Organized in seven movements, the book’s structure is also inherently musical, influenced by Gedney’s avid appreciation for twentieth-century composers like Karlheinz Stockhausen, Roger Sessions, and especially Charles Ives. Music becomes a motif: the recurring appearance of the guitar in the first movement, a wooden recorder in the next. We wake up inside a crowded communal room, with two shadowy, androgynous-looking people, lying on the floor in a rumpled blanket, one cradling the other’s face as he reaches idly for a guitar propped in the corner.
“Youth restlessly lounging over parked cars, in doorways, against store windows, garbage cans, parking meters, trees, each other,” Gedney writes in his notebook. We are drawn to the infinite and unconscious arrangements of bodies, curled up against each other but gazing outward and away; bodies sleeping under tables; hands snaking around waists, kissing, hugging, hands clasping hands; or of clusters of bodies, drinking tea on mattresses in front of portraits of Jean Harlow and Marlon Brando, or playing guitar in stairwells and slouching on stoops. Many of the pictures were made inside a communal house called “the Pad,” near the Grateful Dead’s house. And the concluding sequence of the book takes place at a Human Be-In at Golden Gate Park. Twenty thousand people showed up but Gedney sought out individuals: a couple lying on the grass in deep conversation, a boy draped in beads staring defiantly at the camera, and another, eyes downcast, holding himself tightly close. In the final image, a lone man in the foreground hunches his shoulders, looking on as blurred figures wander off into the fog. With his hair cut short and in a dress shirt, the observer is an outsider in this world, a proxy for the photographer himself.
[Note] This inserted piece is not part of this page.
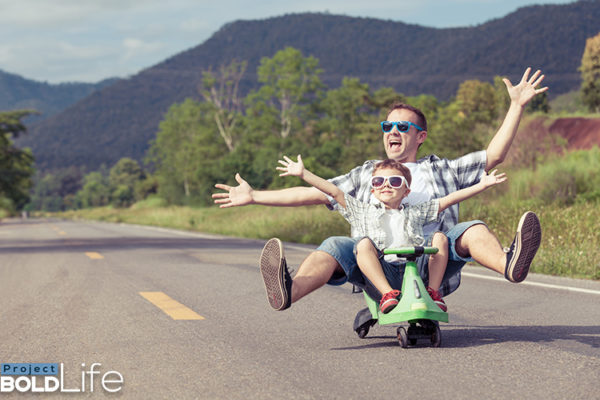 A dad and his kid driving down the highway in an illegal vehicle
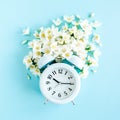 Composition-Summer time from Jasmine flower and clock, alarm on blue background. Flat lay, top view Royalty Free Stock Photo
In the last months of Gedney’s life, Joseph Caldwell recalls in his memoir, he only occasionally mentioned the books that came close to publication but were never realized—a deluxe edition of his India work, a book of his series of portraits of composers. “Could he have become so discouraged by these disappointments that he suffered a photographer’s version of writer’s block?” Caldwell writes. And yet: “Even though he had no instinct for self-promotion, he did have—I don’t doubt—a sure sense of his own worth and the artistic value of the work he’d done.”
The overdue arrival of this Gedney book is also a testament to the artist’s faith in the longevity of his work and the degree of sacrifice he undertook to protect it. Often, I walk past Gedney’s old apartment in Clinton Hill, Brooklyn, and look up at the window from which he made a daily series of the same photograph of the view outside: the elevated train that ran along Myrtle Avenue in those years, the shops and street below, and I think of the long, cold winters he spent working there, of his pictures of the street blanketed in snow.
A Time of Youth: San Francisco 1966–1967 was published by Duke University Press in 2021.